▶ **Task requirements**: The required output is the exact run of lines from the one bearing "VW Passat Variant" through the final line of the listing below, with the pictures removed.

▶ **Input data**:
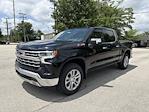 New 2026 Chevrolet Silverado 1500 LTZ Crew Cab 4WD Pickup for sale #26-0097 - photo 5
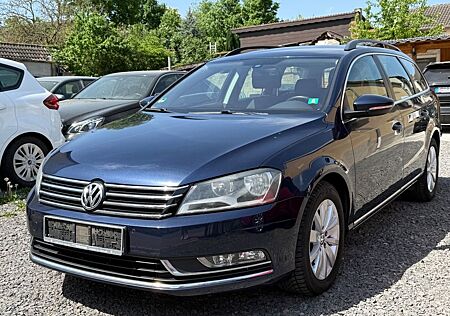 VW Passat Variant Volkswagen Comfortline BlueMotion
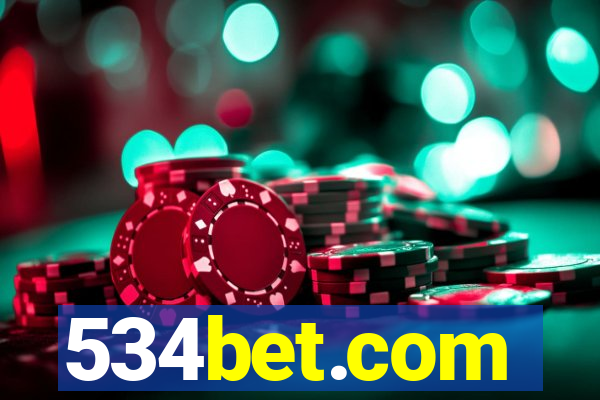 534bet.com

▶ **Exercise output**:
 VW Passat Variant Volkswagen Comfortline BlueMotion
 534bet.com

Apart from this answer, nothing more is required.